Set down the full listing below word for word; pictures stay out of the copy.

**Collected data**
____________
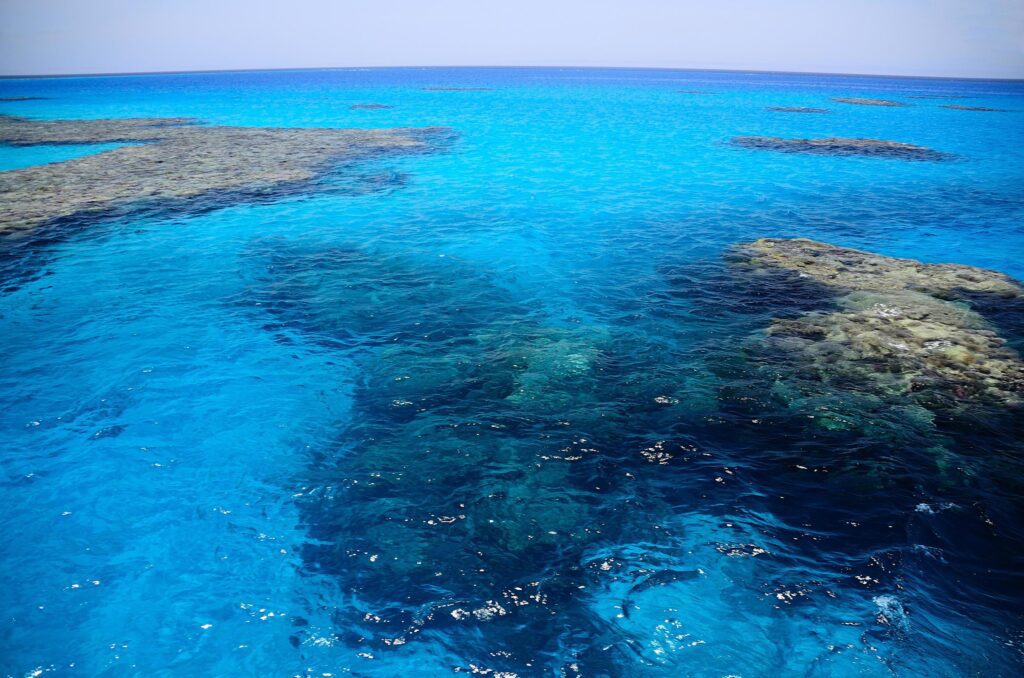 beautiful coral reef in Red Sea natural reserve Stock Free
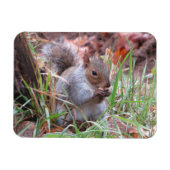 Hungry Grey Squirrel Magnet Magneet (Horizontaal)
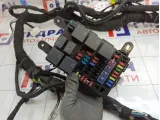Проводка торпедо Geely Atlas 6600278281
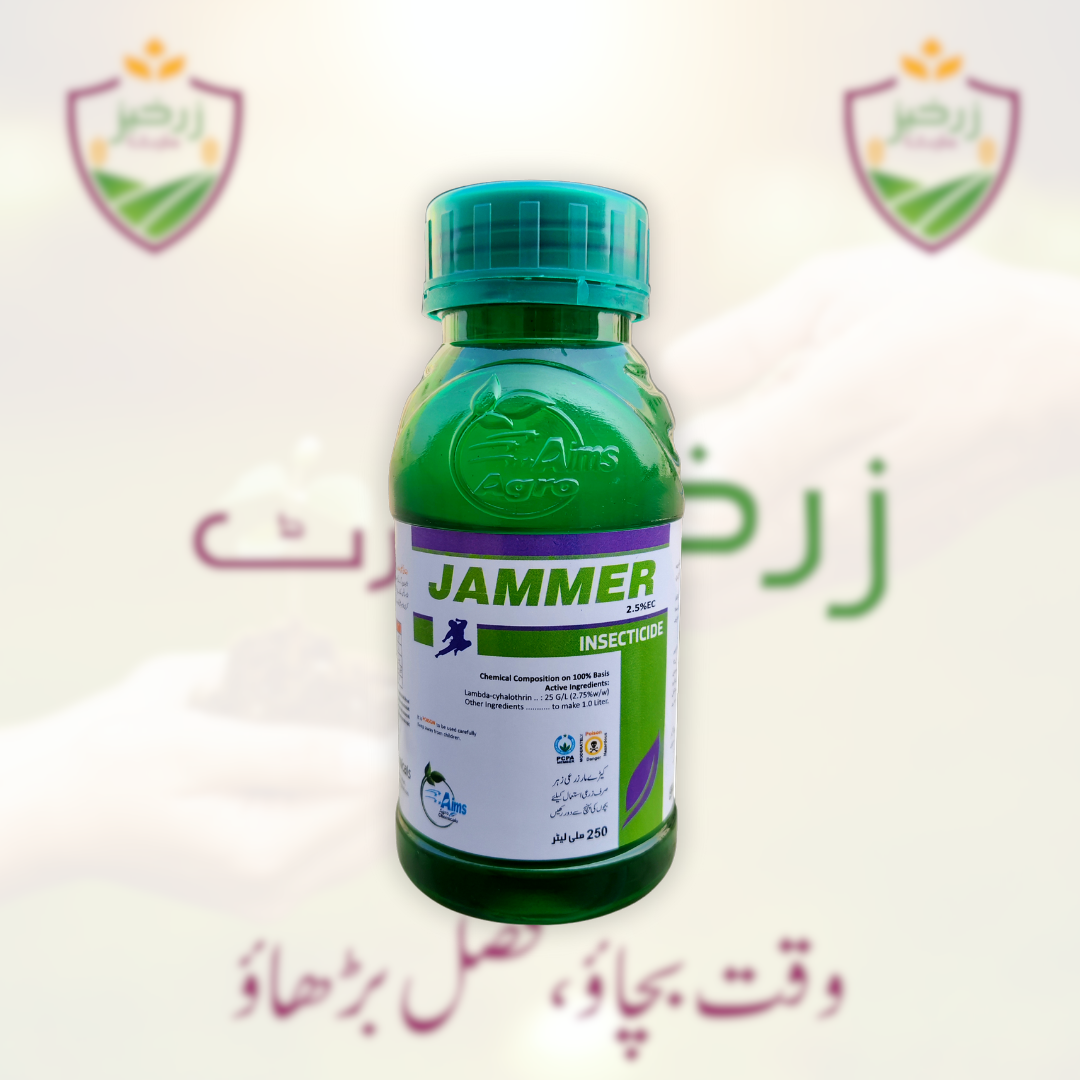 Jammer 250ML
____________
**Task response**
 beautiful coral reef in Red Sea natural reserve Stock Free
 Hungry Grey Squirrel Magnet Magneet (Horizontaal)
Проводка торпедо Geely Atlas 6600278281
 Jammer 250ML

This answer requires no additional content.